In Skandinavien und im englischen Sprachraum kam vor etlichen Jahren ein Forschungsgebiet zu größerer Bedeutung, welches die Frage zu beantworten sucht, warum einige Menschen Dinge können, die die meisten anderen nicht können. Dabei versuchte man den unfassbaren Faktor Begabung (Genetik) möglichst herauszunehmen!
Es gibt wohl viele 'Domänen' bei denen eine Überprüfung der 'Kompetenz' oder Leistungsfähigkeit eher arbiträr und subjektiv ist, diese Bereiche wurden nicht weiter verfolgt!
Offenbar ergab sich bei diesen Forschungen die 10 000 Stunden Regel.
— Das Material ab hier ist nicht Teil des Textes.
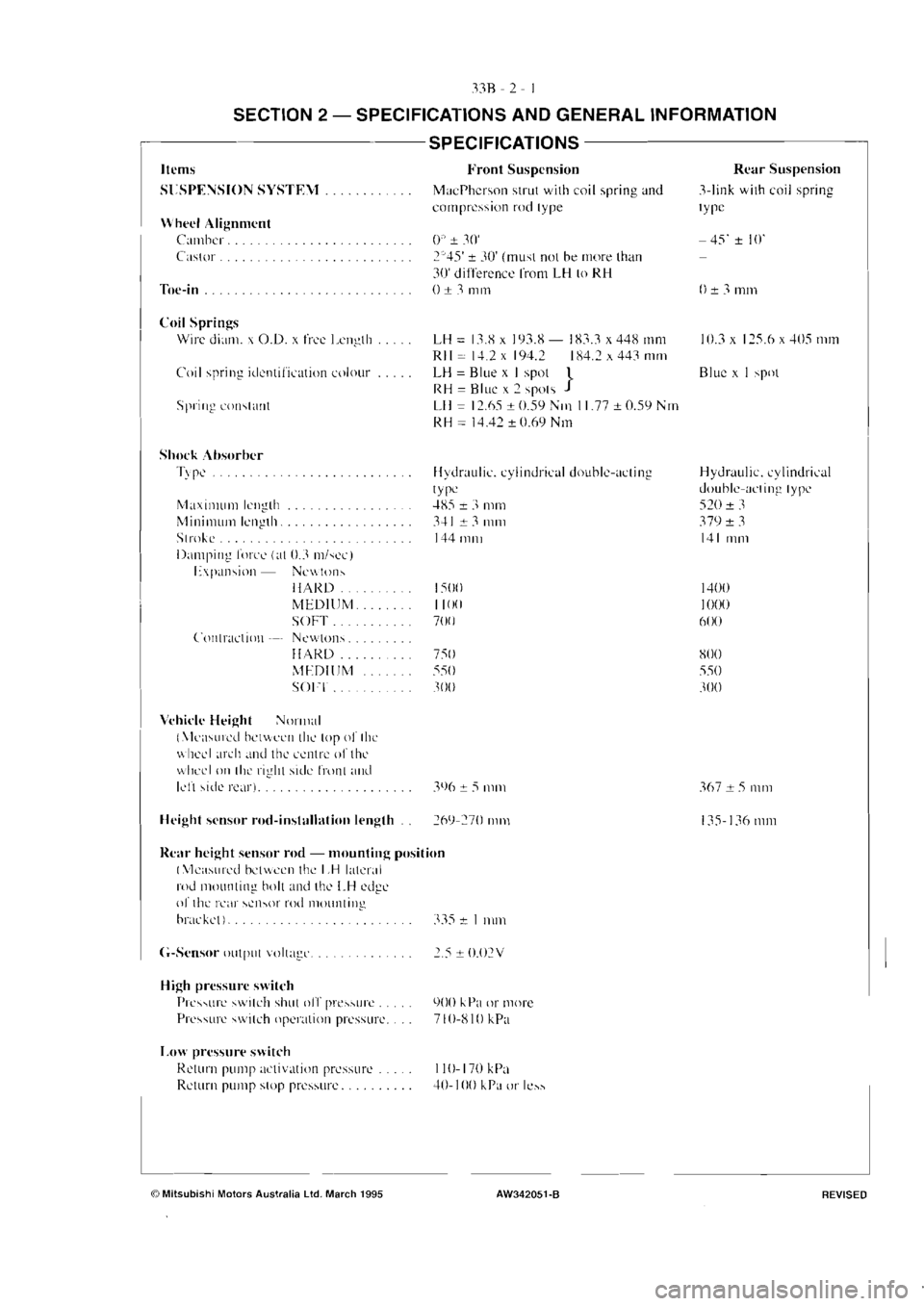 MITSUBISHI VERADA 1995  Workshop Manual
Ich halte diese für sehr gutes Klavierspiel für nicht ausreichend.
Das ganze Forschungsgebiet ist mit seiner Ausrichtung auf quantitative Faktoren (in den letzten Jahren wurde zunehmend auch der qualitative Aspekt wichtig) aktuell eher noch weniger aussagefähig! Was die Zukunft bringt wird man sehen!
 
Zuletzt bearbeitet:
Irgendwo las ich etwas von den Weichen, die im Elternhaus gestellt werden. Wenn ich dann aber so etwas lese, ist es wohl allein daran nicht festzumachen.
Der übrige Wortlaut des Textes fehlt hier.